И все было бы хорошо, если б в нашей хате надолго не поселилась нужда, хоть родители и работали с утра до темноты. Мать работала в колхозе, но не за деньги, а за трудодни. В конце года на трудодень выдавали по пятьдесят, а в лучшем случае – по сто граммов зерна. Это зерно мололи на жерновах, сделанных из двух камней. Отец тоже работал в колхозе, но зерна, которое зарабатывали родители, на нашу большую семью никогда не хватало. Тогда отец шел по соседним селам – смотреть, кто строит новую хату.
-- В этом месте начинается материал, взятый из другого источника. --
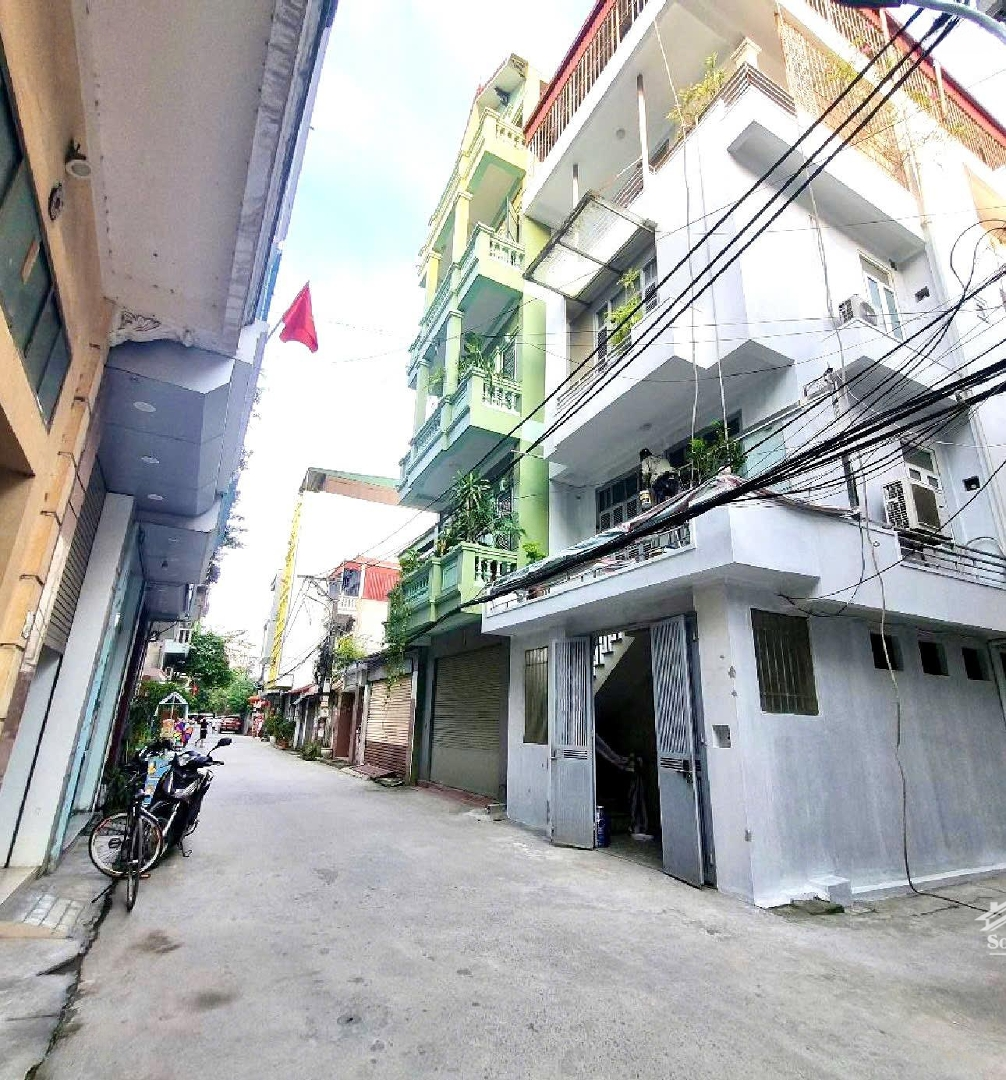 Diện Tích: 50M Nhà 3 Mặt Ngõ - Ô Tô Vào Nhà Tại Trường Cbql - Vĩnh Quỳnh.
Он подходил к людям и спрашивал, не нужен ли мастер, чтобы покрыть хату соломой, потому что очень искусно умел это делать. Как-то отец снимал сгнившую соломенную стреху и нашел там кусочек старого-престарого желтого сала. Он не сказал о нем хозяевам, спрятал за пазуху и принес домой. Сало было вонючее, почти коричневое, но каким же вкусным оно нам показалось! У нас в семье тогда был настоящий праздник. А однажды в старой кровле отец нашел спрятанные мелкие деньги. Может, и взял он грех на душу, но не сказал хозяевам про находку и принес те копейки домой.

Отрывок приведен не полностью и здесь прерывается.